Simulating the Finalists for 2013 : Post Round 22 - An Alternative Approach
As I alluded to in the previous blog, team differential is not an ideal proxy for team percentage right now and will, in some instances, lead to misleading simulation results. There are teams that might, when the final home-and-away round is complete, finish equal on points with another team, have a superior points differential, but also have an inferior percentage. In that case, the approach I've used for my simulations would arrive at an incorrect team ordering.

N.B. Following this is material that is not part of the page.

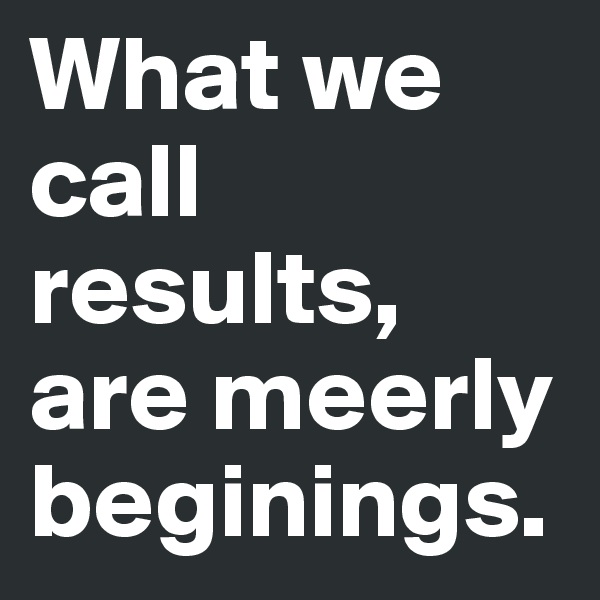 What we call results, are meerly beginings.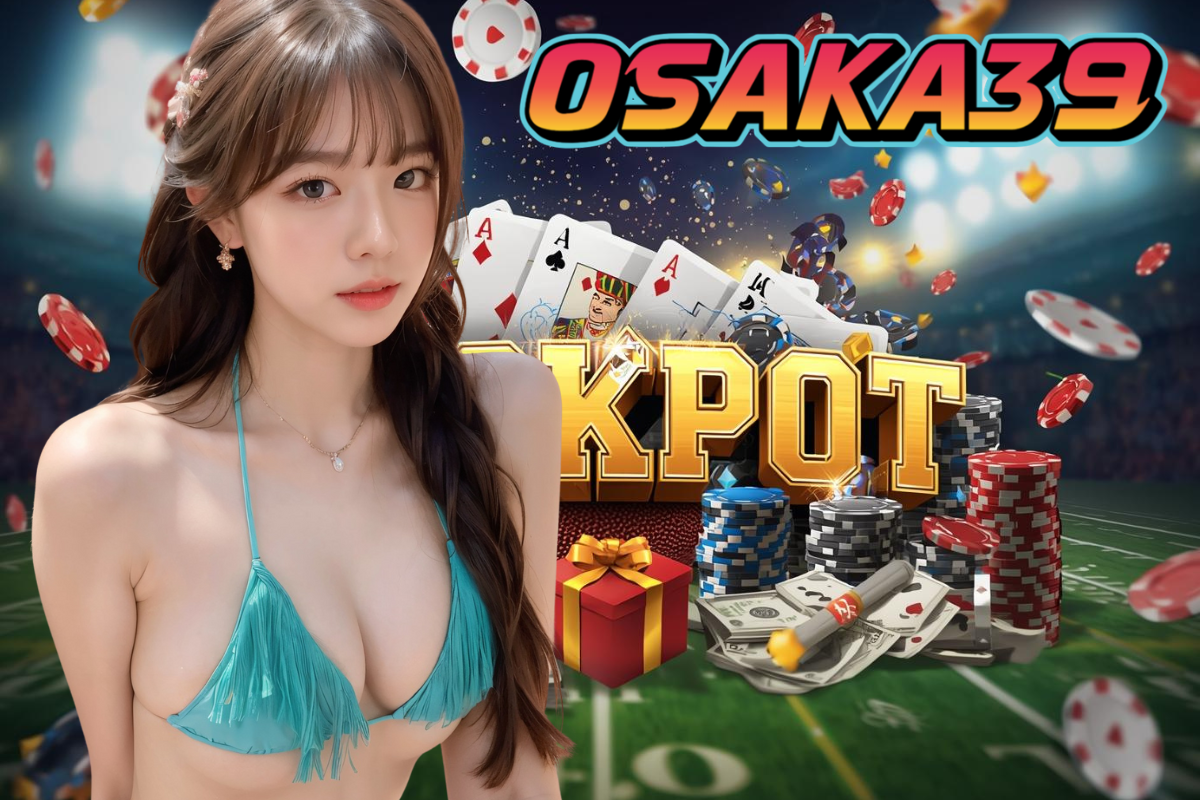osaka39 บาคาร่า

As the most obvious practical example of where this is a problem - as I noted in the previous blog - using differential rather than percentage has resulted in my estimates of the Dees' and the Giants' Spoon prospects being mis-estimated. That fact has been irking me ever since I posted the earlier blog, and being irked is often a catalyst for my finding a better way.
And so it was this week that I discovered I could jointly estimate the scoring of the home and away teams separately using the lavaan package, and not be forced to estimate only the difference between those scores.
Using the data for season 2013 only, lavaan gave me the following set of estimated equations:
- Home Team Score = 0.317 x Home Team MARS Rating - 0.445 x Away Team MARS Rating
- Away Team Score = 0.399 x Away Team MARS Rating - 0.508 x Home Team MARS Rating + 1.028 x Away Team Venue Experience
(I tried a number of other formulations, including some with Home and Away Team Venue Experiences, but eventually settled on this model. Perhaps in a future blog I'll write more about the process of selecting this model.)
I can use these equations to come up with expected scores for the Home and the Away teams in the season's remaining fixtures, simply by inputting the teams' current MARS Ratings and by determining the Away team's Venue Experience in each game. Here's what that approach produced for the final round of the 2013 home-and-away season.
In this table, the Predicted Margins (and hence Equivalent Probabilities) are similar in magnitude and identical in sign to those we used for the previous blog.
The lavaan package also estimates the residual variance and covariance of the Home and Away team scores (ie the variance and covariance about the estimated means of each game in the sample set), which we can use as input to the rvnorm function in the mvtnorm package, along with the estimated mean Home and Away team scores in each game, to generate simulated Home and Away team scores for the nine remaining games.
(The residual variance of Home Team score was estimated as 456.24 points squared and of Away Team score was estimated as 543.30 points squared. These are equivalent to standard deviations of about 21.4 and 23.3 points respectively. The covariance was estimated as -40.79, which implies a correlation of -0.08 - a surprisingly small value, I'd suggest. Team scoring is not, it seems, a zero sum game - at least to any great extent. When one team scores more than they were expected to this does not imply that their opponents will score (much) less than they were expected to.)
The model provided by lavaan explains an impressive 35% of the variability in Home Team scores this season, and an even more impressive 40% of the variability in Away Team scores.
If we take lavaan's estimates of expected Home and Away team scores for each game and use its estimate of the residual variance-covariance matrix for every game - repeating this process 10,000 times, as is the custom here - we get the following results.
Data in the columns headed New come from this latest set of simulations, while that in the columns headed Old are what was presented in the earlier blog.
The most notable difference is, as I'd hoped, in the estimate of the Dees' Spoon prospects, which increases from near zero in the previous set of simulations to about 2.4% here.
There are also some reassessments of team chances in the race for the Top 9, though the changes are only small. The Crows', Lions' and Roos' chances shrink, the Eagles' stay much the same (and equally as forlorn), while the Blues' chances increase by about 3%.
In the race for the minor premiership, the new simulations rate the Hawks as slightly better chances.
Here are the probability density and heat maps for the new simulations, which are broadly similar to those of the earlier simulations.
For completeness, here are new versions of all other charts from the previous blog.
Generally, and reassuringly, the results are very similar, differing only where the distinction between differential and percentage has the potential to make a significant difference.
To me, what's been most pleasing about this exercise has been the realisation that there's a viable way to predict not just expected game margins, but individual team scores as well. Expect to read more about this is coming blogs.